Gamblers fallacy is me rolling a die 10 times and so expecting the 11th time to be anything other than a 1 in 6 chance.
That isn't what I'm saying. I'm saying if you roll a die 10 times, the chance of any one of those rolls being 6 is greater than 1 in 6. It is statistically likely if you roll a die 10 times, that you will roll a 6 at least once.
I said "kind of", because there isn't a direct link no.
But my chances still increase. If I roll that die once, I know my chances of rolling a 6 are poor, if I roll it 10 times the odds would be better, a million times almost certain.
If my chances of success are steadily increasing, why is that not progress? (especially for an algorithm based solely on chance).
Your chances aren't steadily increasing. The chance you finish within a week is higher than the chance you finish within a day, but your chance is no higher after a day than before it.
Consider an alternative algorithm based solely on chance. Pick an element uniformly at random and if it's larger than the element after it, swap them. This algorithm has progress, as the array becomes monotonically more sorted over time, decreasing the expected amount of time until the algorithm is done. This is what it looks like to make progress. Your algorithm does not have that feature.

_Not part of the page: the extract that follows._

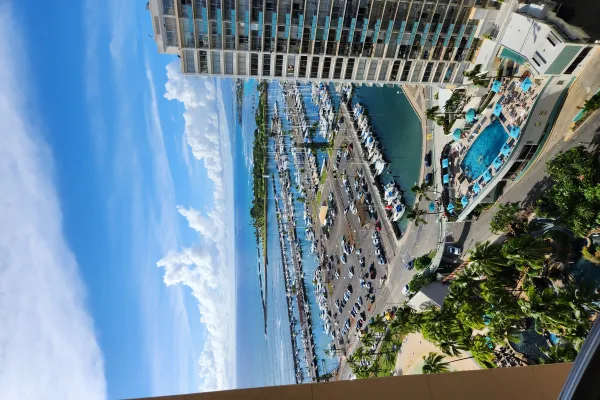 Guest photo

I never said you couldn't eventually win. We're talking about whether you make progress leading up to the win. You could win at any time, but you never get closer to winning. If you had a progress bar based on how long left until you win, it wouldn't move until the moment you won.

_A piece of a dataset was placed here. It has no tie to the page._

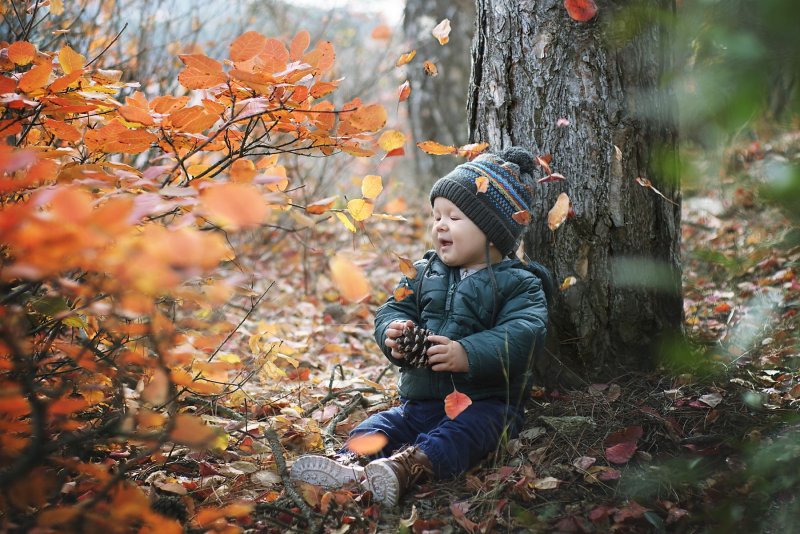 Осенний лес для детей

For real-time applications, worst case can be much more important than the average case. However, not all computation is real-time. Sometimes the average rate is more important than the worst-case.

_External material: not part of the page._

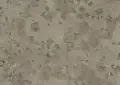 Moon Grey French Limestone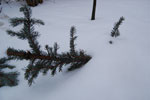 2010-01-18_17-27-05_DSC_4178.jpg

If we're talking about practical applications like a video game, I'd still say that an algorithm that won't finish within my lifetime is strictly worse than one that might.
Lol.
If we're talking practical applications, the it doesn't really matter!
Agreed, that sometimes the average rate is fine. That just legitimises my disagreement over the 'worst' sort, there is no worst sort.
Ultimately its just down to semantics. The author stroked his beard and thought about the absolute slowest sort, and called it the worst. I stroked my (metaphorical) beard and found a different kind of worst. Both should be avoided in practical applications where possible.
His is cleverer yes, mine is stupid, that's probably the most relevant metric, and probably why no one submitted a sort that returns the wrong answer, which I would claim could also be 'worst'.
> Lol. If we're talking practical applications, the it doesn't really matter!
Then why did you bring up fps in video games?
> there is no worst sort.
Of course there is no worst sort. But some sorts are worse than others. The disagreement here is that your sorting algorithm is clearly better than Worstsort.
If all randomized algorithms with unbounded runtime are worse than worstsort, then flipping a coin until you get heads and then running a fast sort algorithm would be worse than Worstsort. If you instead take a more reasonable approach like comparing expected runtime, Worstsort is clearly worse than bogosort.
I disagree. The scientifically interesting thing is that we can have such exploding complexity, while at the same time every step of the algorithm still actively works towards a solution.